Based on these findings, a new or existing game studio aiming to maximize global sales should consider the following strategies:

1.  **Prioritize Quality Assurance & Media Relations:** Because `Critic_Score` is a massive driver for sales, investing in polish to ensure high review scores is more financially impactful than catering solely to user wishlists.

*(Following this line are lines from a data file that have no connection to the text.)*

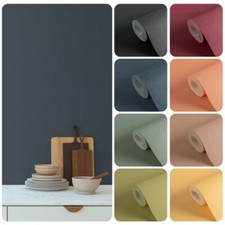 Tapete Uni Farbe Design Struktur Wand 3D Vlies Modern Weiß Grün Einfarbig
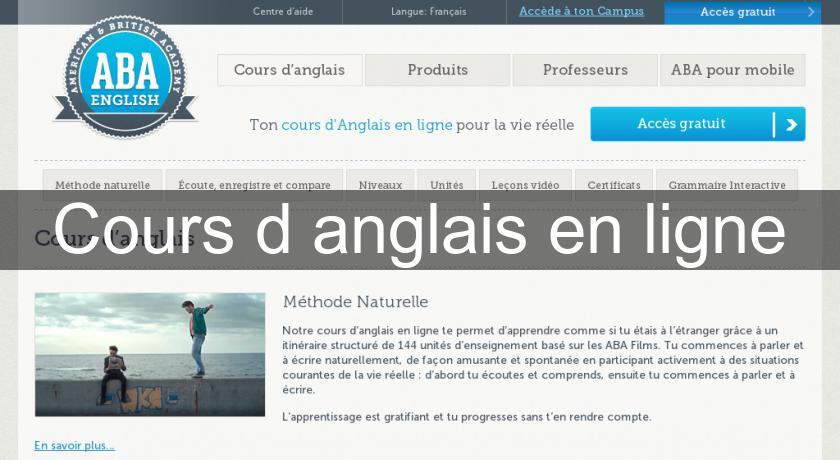 Cours d'anglais en ligne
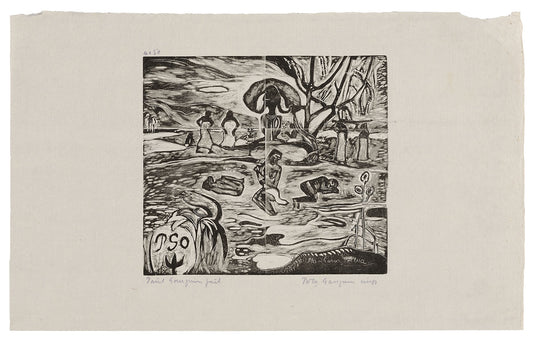 Mahana atua (Day of the God): Paul Gauguin (French, 1848-1903),16x12"(A3) Poster
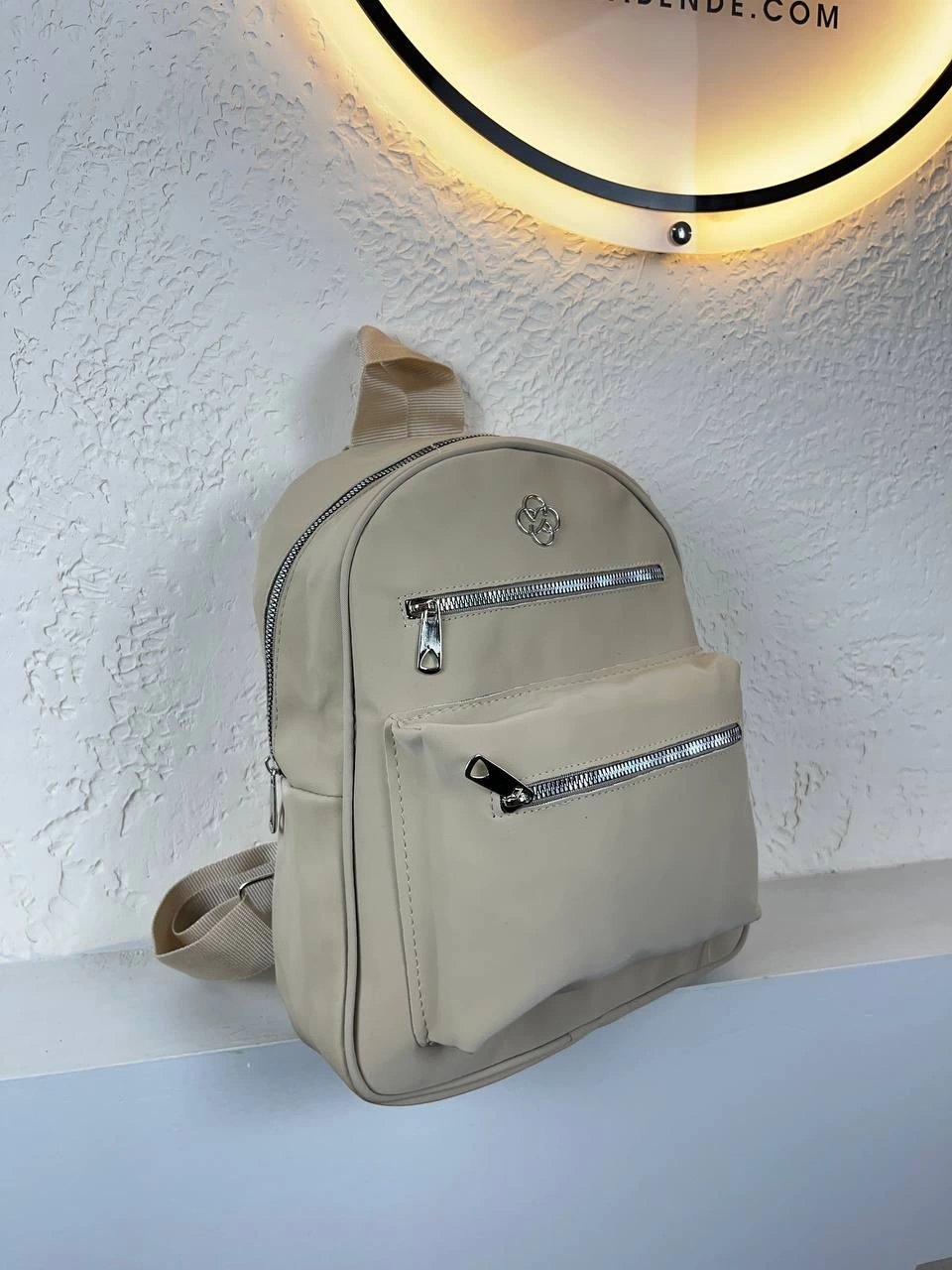 Krem Renk Kalite Sırt Çanta CB6355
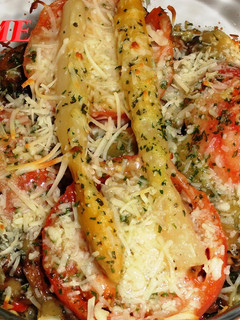 Una foto de Gratinado de acelgas y champiñones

2.  **Avoid Exclusivity:** Unless funded by a major console manufacturer, aim for a **multi-platform release** (PlayStation + Xbox + Nintendo) to maximize market penetration.
3.  **Genre Viability:** If financial success is the primary goal, developing for mass-market genres like **Shooters** or **Action** provides a safer baseline than niche genres like Strategy, which require a very specific target audience to succeed.
4.  **Publisher Partnerships:** If possible, securing a publishing deal with a top-10 publisher (like Ubisoft, Take-Two, or Sony) significantly increases the statistical likelihood of producing a "Hit."

### **3. Model Limitations**
* **Recall (34.6%):** Our logistic model is conservative; it has high precision (it's usually right when it predicts a hit) but low recall (it misses many actual hits). This indicates that there are other "X-factors" (marketing budget, IP recognition, trends/virality) not present in this dataset that contribute to a game becoming a sleeper hit.
* **Data Age:** As the dataset ends around 2017, recent trends such as the rise of Free-to-Play models (Fortnite, Warzone) and mobile gaming dominance are not represented here.